London native and now San Francisco Bay Area-based painter Jenny Bloomfield has described her current practice of pairing up paintings as “twinning,” a term borrowed from the study of crystal formations, and referring to instances wherein structures may grow separately, but in symmetry and with a reflecting plane in common. The shared surface that mitigates the intergrowth of two crystal lattices could stand as a corollary to the conceptual base that underpins the binding together of two otherwise independent images, although in Bloomfield’s diptychs, as if in subversion of crystalline mirroring, she will often offset her panels at the joint, or join panels of disparate size and thickness, thus to breaking the symmetry.

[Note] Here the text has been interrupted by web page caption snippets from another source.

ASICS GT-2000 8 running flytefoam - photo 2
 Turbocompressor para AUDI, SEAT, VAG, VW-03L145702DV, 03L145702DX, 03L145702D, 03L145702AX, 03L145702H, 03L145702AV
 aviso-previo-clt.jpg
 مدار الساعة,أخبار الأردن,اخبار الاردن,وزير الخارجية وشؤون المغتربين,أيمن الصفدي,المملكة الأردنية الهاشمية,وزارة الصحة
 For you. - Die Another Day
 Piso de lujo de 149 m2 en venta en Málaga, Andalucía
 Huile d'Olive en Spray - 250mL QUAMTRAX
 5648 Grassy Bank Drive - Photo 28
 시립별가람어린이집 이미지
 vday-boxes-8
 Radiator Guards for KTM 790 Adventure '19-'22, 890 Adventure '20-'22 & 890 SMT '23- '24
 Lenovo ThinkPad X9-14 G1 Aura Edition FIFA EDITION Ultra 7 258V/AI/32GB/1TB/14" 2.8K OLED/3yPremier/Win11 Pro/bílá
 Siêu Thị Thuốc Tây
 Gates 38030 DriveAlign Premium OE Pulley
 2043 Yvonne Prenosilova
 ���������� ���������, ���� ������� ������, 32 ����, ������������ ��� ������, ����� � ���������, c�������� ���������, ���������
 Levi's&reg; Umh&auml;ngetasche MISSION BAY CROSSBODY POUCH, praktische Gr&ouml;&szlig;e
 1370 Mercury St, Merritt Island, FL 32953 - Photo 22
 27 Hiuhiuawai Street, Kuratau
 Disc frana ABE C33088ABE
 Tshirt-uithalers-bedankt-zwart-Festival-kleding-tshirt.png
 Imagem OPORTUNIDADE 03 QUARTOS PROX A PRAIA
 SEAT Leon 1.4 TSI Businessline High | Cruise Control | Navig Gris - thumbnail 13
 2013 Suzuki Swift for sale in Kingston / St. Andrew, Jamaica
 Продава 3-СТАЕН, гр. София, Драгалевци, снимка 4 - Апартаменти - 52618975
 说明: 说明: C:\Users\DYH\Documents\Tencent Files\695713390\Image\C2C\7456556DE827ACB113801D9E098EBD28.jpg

In modern usage, diptych has come to mean any two images intended to be viewed together. Originally, it referred specifically to a pair of painted panels connected with a hinge, allowing folding and carrying like a book. The practical point of fastening two pictures together to facilitate portability coincidentally strengthened their narrative, as traveling companions not only joined at the hip, but joined symbiotically as well, by association. The resultant continuity served the story told by the painting; it might pose a saint with a donor or a husband with a wife. Joining two abstract paintings is a greater challenge. At best it heightens the effect of each, and at worst it begs the question, why? It is just not easy to credibly graft two works that are already complete on their own. A good painting is diminished by close proximity to another; adding an appendage rarely salvages a bad one. Sometimes though, in the most successful of diptychs, Bloomfield’s for example, the whole is greater than the sum of the parts.
The modernist impulse to present imagery contiguously is long standing, with the syntax of much of contemporary art built upon juxtaposition of one sort or another. Perhaps the most primary is the conjoining of almost anything with the meta-trope of the art world itself, a form of staging. Common objects tend to engender uncommon experiences when isolated within the white cube of the exhibition space. Much of contemporary painting is inherently self-referential and doubling down on this internal reference can introduce some welcome relief. Many painters use multi-panel formats in an effort to extend the formal range of their medium, heighten the physical presence of their work, and even with pure painting, instill a sense of grammar. Bloomfield’s motives are no exception but what distinguishes her twins might be the serendipity of their attachment, extending it would seem almost by chance the reach and impact of her gesture.
Perhaps it is because Bloomfield’s individual canvases are so lacking in guile that they play well together, as things left to themselves, just as they are. They have something about them of the perfect fit of found objects, a cowbell paired with a railroad spike or such. Hanging in the gallery, her diptychs seem to reach out and bridge the gap between the artifice of the exhibition space and the husk of the world at large, the real world where pairing happens. The twinned charm and obdurate fact of a painting such as diptcych, Tin Hat, 2016, for example, remind me of why Peter Pan had to venture back from Neverland to London to get his shadow sewn back on. In the end Bloomfield has come full circle with the basic function of her diptychs, enhancing if not their portability, then their ability to transport.